FreeRADIUS with LDAP

FreeRADIUS is often deployed with an LDAP directory used as the identity store.

This means that the password is retrieved from the directory as an attribute and then verified by FreeRADIUS. It is important that you know which obfuscation mechanism is being used in your LDAP directory as not all EAP authentication protocols are compatible with all obfuscation types. DeployingRADIUS, Alan DeKok's site, has a handy compatibility matrix that lists authentication systems and their authentication protocol compatibility. 

To use LDAP directories with passthrough authentication (such as SASL) with FreeRADIUS, please see the FreeRADIUS + OpenLDAP with SASL topic.
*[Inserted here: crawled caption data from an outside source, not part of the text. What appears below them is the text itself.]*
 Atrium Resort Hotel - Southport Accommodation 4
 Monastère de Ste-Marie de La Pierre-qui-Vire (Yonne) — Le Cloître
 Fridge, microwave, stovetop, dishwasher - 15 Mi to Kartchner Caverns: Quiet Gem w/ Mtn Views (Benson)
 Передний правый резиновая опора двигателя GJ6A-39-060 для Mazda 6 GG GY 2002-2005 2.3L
This may be your only option if the compatibility matrix shows that the obfuscation type is incompatible with the EAP-TTLS inner authentication type.

To use Active Directory as an LDAP directory, please see the Using Active Directory topic.

Step-by-step guide

1. Modify FreeRADIUS LDAP support

  1. Install the freeradius-ldap module, if you haven't already.
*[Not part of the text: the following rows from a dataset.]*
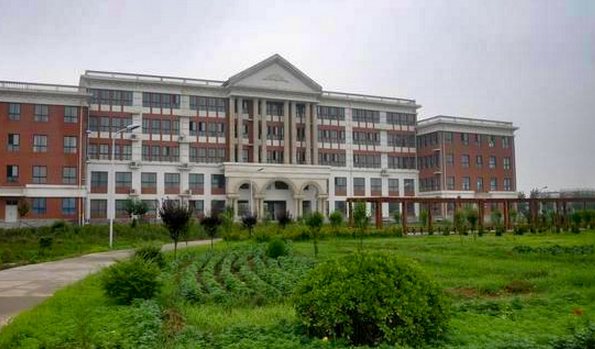 鹤壁有哪些大学？鹤壁的大学排名2026最新（附分数线）  第1张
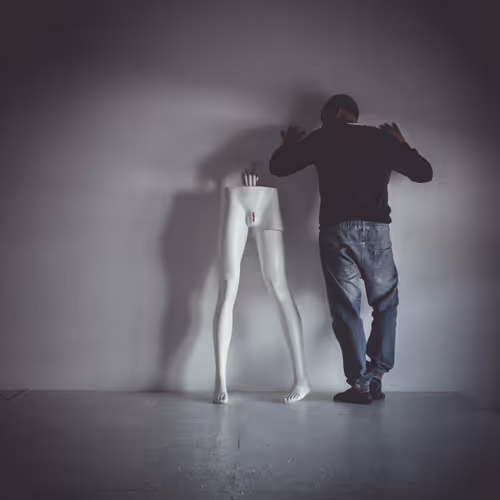 Item #109931125644720774743925664871075202306165972680174386762390863598359446290433 Media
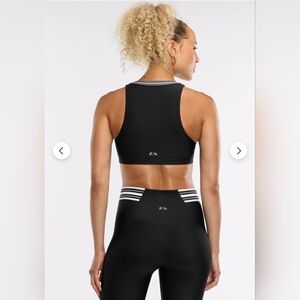 NWT! Peloton Merit V-Neck Black Sports Bra! W- Sz. XS! (V24)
  2. Configure the ldap module (in /etc/raddb/mods-available on RedHat/CentOS or /etc/freeradius/mods-available on Debian/Ubuntu) as per the standard configuration with the server name(s), port(s), and whether TLS is required. 
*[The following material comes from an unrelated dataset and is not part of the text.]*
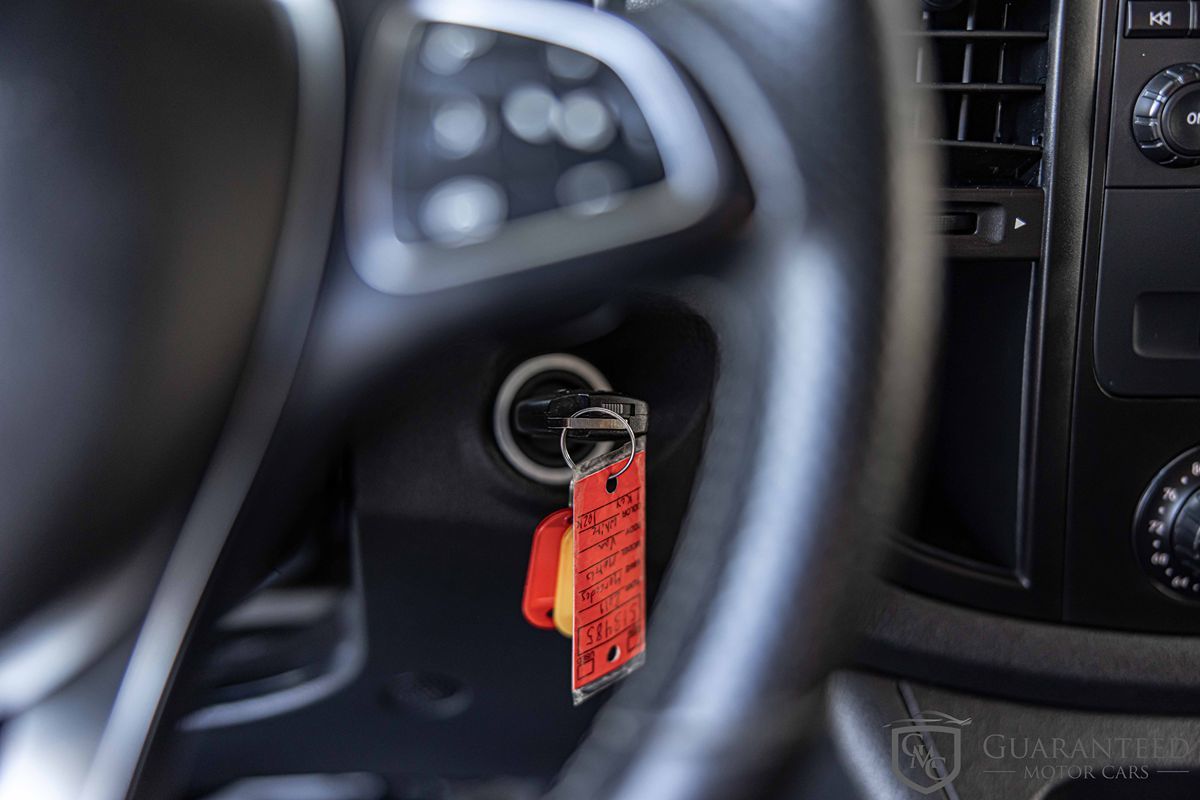 2019 Mercedes Benz Metris Passenger Van photo 22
    We recommend you use TLS. 
  3. Configure the identity and password options for a user that will have browse and attribute retrieval rights on the LDAP directory. 

    We recommend using a user that is as unprivileged as possible and not used for anything else.
  4. Below the base_dn, from which all searches start, you will find the update section, which returns attributes from LDAP. 
  5. This may include the userPassword LDAP attribute, which FreeRADIUS will use to authenticate. If the password attribute in your LDAP directory has a different name, change that here.
  6. Scroll to the user section. You may wish to modify the base_dn, filter, and scope settings there to match what your LDAP directory requires to return a single user object. FreeRADIUS will set an Ldap-UserDN attribute that will be used for binding as a user if the search is successful.

    You may wish to test your LDAP search with tools such as ldapsearch to test your DN and your filters. See http://wiki.freeradius.org/modules/Rlm_ldap for more information.

  7. Save the file.

3. Modify FreeRADIUS EAP support, if necessary

It is rare that network access servers still use PAP. Instead, they use a variety of EAP types, which can wrap PAP to provide better security for user credentials. The default is EAP-MD5.

Depending on the compatibility matrix, you may need to adjust the default_eap_type for the ttls EAP type to something different.

The default settings in the eap module in FreeRADIUS set PAP as the password mechanism for EAP-GTC, so no changes are required. What is required though is setting the default type for EAP conversations:

  1. To set the default EAP type in tunneled EAP conversations, such as EAP-TTLS, scroll to the ttls section, then set its default_eap_type to either gtc or md5.

    PEAP support also includes a default_eap_type setting. This setting should not be modified.